Re: Why is Lithium first on the Activity Series of Metals?

It is certainly true that lithium is, as the periodic table would suggest, the least reactive of the alkali metals. You only have to observe the reactions of the alkali metals with water to see this (preferably from a video -- extreme safety issues. Should only be tried by a qualified chemist).

The Activity Series you are referring to actually relates specifically to aqueous (i.e. water) solutions. There are some special features of the lithium ion that sets it apart from other alkali metal ions, and makes it a much more low-energy species in aqueous solution.

The lithium ion is much smaller than any of the other alkali metal ions. You might know that when we talk about Mg(2+) or Al(3+) in aqueous solution, we are really talking about Mg(H2O)6 (2+) and Al(H2O)6 (3+), because these small multiply charged positive ions strongly attract the negative oxygen parts of the water molecules. Lithium, even though it has only a single positive charge, is small enough that it can also attract water molecules in this way. Sodium and the other alkali metals only bind to water very much more weakly. They are large, and have only a single charge.

If you look at ionization potentials of the alkali metals, which relate to the gas phase ions, you will find the order
Cs<Rb<K<Na<Li,
as you would expect from the periodic table.
But if you look at reduction potentials, known as the Electrochemical Series or your Activity Series, you find the order
Li<Cs<Rb<K<Na
because these values relate to the aqueous ions.
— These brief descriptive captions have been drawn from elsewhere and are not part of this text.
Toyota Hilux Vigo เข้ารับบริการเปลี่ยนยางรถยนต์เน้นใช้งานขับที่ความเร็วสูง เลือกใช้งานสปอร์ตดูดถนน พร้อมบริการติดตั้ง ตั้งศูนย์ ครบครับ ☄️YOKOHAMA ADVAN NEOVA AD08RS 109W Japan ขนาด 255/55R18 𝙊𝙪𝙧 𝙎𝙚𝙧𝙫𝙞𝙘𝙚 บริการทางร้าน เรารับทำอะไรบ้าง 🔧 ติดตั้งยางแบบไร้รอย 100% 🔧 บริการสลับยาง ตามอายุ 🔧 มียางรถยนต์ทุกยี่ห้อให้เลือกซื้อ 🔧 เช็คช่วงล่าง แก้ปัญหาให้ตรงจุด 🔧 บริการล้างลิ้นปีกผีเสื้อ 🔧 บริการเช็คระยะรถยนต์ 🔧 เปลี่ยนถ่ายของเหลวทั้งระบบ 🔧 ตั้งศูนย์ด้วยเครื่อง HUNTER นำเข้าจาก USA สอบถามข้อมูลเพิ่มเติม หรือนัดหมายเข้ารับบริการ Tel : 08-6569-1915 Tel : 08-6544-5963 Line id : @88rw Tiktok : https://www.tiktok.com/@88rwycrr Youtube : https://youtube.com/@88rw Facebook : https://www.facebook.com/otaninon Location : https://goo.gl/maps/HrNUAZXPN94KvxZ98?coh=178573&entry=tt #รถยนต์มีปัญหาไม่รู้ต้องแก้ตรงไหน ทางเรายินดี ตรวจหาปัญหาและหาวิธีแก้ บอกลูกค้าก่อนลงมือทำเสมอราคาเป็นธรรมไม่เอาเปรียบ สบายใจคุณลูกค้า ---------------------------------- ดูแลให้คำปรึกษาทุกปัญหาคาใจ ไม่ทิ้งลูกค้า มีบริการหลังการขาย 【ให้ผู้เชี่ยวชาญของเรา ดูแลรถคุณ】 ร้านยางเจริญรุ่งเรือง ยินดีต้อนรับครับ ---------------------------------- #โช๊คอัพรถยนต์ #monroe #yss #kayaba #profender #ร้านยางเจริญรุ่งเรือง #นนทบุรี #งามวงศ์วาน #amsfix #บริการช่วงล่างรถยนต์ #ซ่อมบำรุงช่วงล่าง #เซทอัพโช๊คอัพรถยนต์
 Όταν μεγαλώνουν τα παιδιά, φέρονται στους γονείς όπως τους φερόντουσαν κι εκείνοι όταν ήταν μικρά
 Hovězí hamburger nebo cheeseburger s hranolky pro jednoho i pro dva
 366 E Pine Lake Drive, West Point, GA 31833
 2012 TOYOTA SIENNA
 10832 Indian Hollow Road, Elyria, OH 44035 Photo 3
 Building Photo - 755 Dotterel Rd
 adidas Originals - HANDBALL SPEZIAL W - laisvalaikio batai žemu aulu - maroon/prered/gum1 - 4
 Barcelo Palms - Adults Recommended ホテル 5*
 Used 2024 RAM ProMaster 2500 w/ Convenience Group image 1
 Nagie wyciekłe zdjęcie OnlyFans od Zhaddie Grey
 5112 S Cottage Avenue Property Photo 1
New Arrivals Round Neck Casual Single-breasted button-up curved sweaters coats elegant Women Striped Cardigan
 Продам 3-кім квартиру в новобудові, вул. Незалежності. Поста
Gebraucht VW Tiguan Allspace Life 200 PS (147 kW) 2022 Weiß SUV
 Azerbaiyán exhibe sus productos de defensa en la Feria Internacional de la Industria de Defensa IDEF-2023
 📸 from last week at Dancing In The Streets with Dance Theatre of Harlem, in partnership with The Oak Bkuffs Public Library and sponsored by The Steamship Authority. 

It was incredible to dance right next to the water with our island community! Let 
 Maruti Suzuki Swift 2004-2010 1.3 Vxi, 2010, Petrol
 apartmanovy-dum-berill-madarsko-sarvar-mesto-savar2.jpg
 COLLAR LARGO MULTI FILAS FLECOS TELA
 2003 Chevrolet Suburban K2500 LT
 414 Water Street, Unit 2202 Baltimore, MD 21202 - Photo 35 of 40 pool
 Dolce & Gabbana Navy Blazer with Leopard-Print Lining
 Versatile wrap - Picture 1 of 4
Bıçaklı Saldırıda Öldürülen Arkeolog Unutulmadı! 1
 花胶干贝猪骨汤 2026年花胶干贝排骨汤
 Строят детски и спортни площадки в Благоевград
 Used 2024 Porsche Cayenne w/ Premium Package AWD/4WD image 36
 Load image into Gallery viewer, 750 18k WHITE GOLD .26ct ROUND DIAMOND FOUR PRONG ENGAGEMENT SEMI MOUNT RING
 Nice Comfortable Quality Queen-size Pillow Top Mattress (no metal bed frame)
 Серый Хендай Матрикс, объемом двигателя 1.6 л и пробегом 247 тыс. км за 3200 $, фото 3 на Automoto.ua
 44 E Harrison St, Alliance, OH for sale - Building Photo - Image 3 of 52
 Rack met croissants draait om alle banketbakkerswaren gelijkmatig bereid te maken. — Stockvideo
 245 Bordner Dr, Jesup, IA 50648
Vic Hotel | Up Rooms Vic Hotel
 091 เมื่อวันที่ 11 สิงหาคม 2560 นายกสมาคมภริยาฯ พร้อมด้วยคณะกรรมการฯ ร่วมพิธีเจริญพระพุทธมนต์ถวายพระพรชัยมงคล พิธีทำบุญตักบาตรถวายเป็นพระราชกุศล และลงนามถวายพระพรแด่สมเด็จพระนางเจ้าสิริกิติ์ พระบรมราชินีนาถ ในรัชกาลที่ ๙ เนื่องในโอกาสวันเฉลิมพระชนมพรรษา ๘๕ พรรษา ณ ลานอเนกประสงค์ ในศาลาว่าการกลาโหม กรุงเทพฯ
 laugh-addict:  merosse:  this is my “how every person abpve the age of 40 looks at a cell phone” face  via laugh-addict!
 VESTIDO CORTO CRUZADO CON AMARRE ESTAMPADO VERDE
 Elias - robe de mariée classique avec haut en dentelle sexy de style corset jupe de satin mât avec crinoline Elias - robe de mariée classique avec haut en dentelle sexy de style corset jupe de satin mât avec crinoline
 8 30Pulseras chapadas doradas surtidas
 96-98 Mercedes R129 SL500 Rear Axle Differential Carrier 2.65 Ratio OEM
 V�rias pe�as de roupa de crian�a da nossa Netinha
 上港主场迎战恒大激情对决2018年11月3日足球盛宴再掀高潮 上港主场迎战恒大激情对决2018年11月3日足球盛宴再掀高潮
This effect is discussed in detail in many University level Inorganic Chemistry texts (e.g. Greenwood & Earnshaw, Chemistry of the Elements, p. 87). It is not usually covered in high school chemistry, beyond the barest mention.

Incidentally, the electrochemical series is determined by electrode potentials. The idea of actually setting up a Cs(metal)|Cs+(aqueous) electrode in a half-cell with a standard hydrogen electrode to measure the emf is a nonsense: the Cs metal would explode when it contacted the water! But there is a fairly straightforward way of working out what the electrode potential "would be" from the standard free energies of the various materials involved, which can be obtained experimentally.